START Supplied records
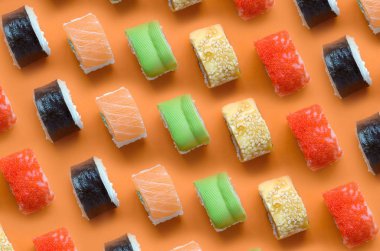 Turuncu arka planda farklı Asya suşi çeşitleri var. Minimalizm üst görünüm düz Japon yemekleri ile yatıyordu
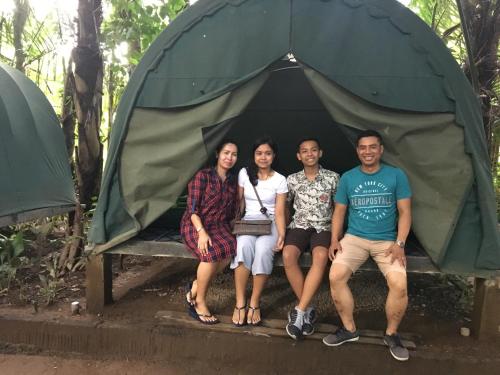 a group of people sitting in a tent at Tegal Dukuh Camp in Tegalalang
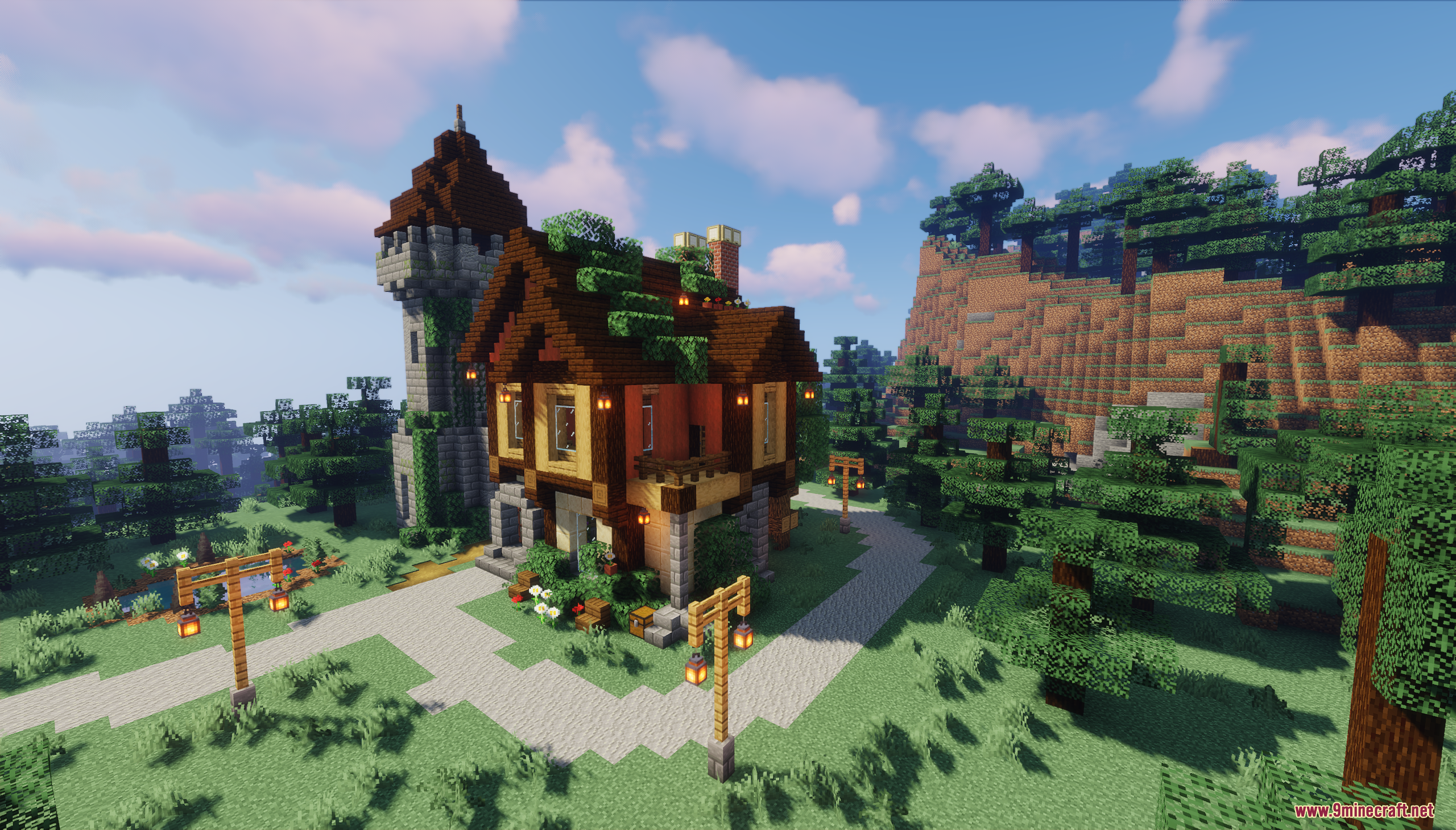 A timber-frame house and stone tower surrounded by a forest
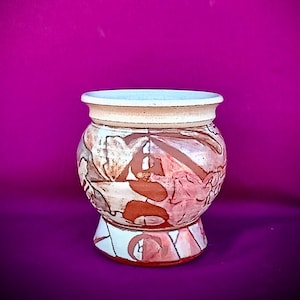 May include: A handcrafted ceramic pot with a wide, rounded body and a pedestal base. The pot features a cream-colored rim and base, with a design of reddish-brown abstract shapes on a white background. The background is a vibrant magenta.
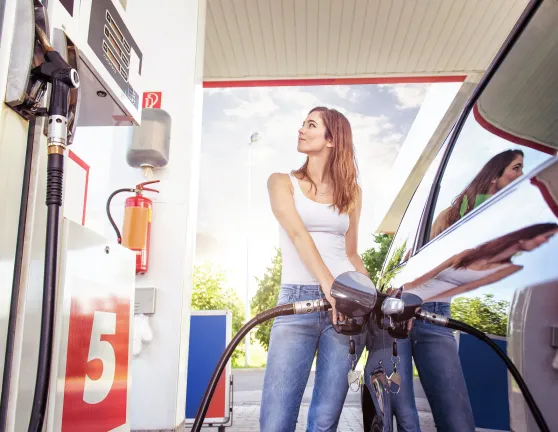 Mujer echando gasolina en el coche en un gasolinera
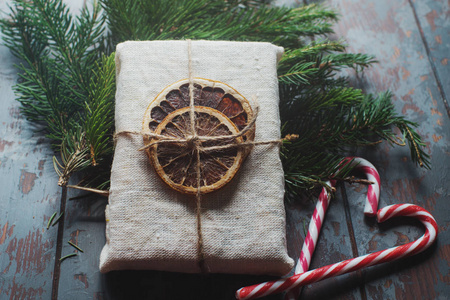 冷杉枝和圣诞礼物，裹着麻布，用干柠檬片装饰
END Supplied records
= Instructions for the task =
Copy the lines above exactly. Do not include pictures.

= Task answer =
 Turuncu arka planda farklı Asya suşi çeşitleri var. Minimalizm üst görünüm düz Japon yemekleri ile yatıyordu
 a group of people sitting in a tent at Tegal Dukuh Camp in Tegalalang
 A timber-frame house and stone tower surrounded by a forest
 May include: A handcrafted ceramic pot with a wide, rounded body and a pedestal base. The pot features a cream-colored rim and base, with a design of reddish-brown abstract shapes on a white background. The background is a vibrant magenta.
 Mujer echando gasolina en el coche en un gasolinera
 冷杉枝和圣诞礼物，裹着麻布，用干柠檬片装饰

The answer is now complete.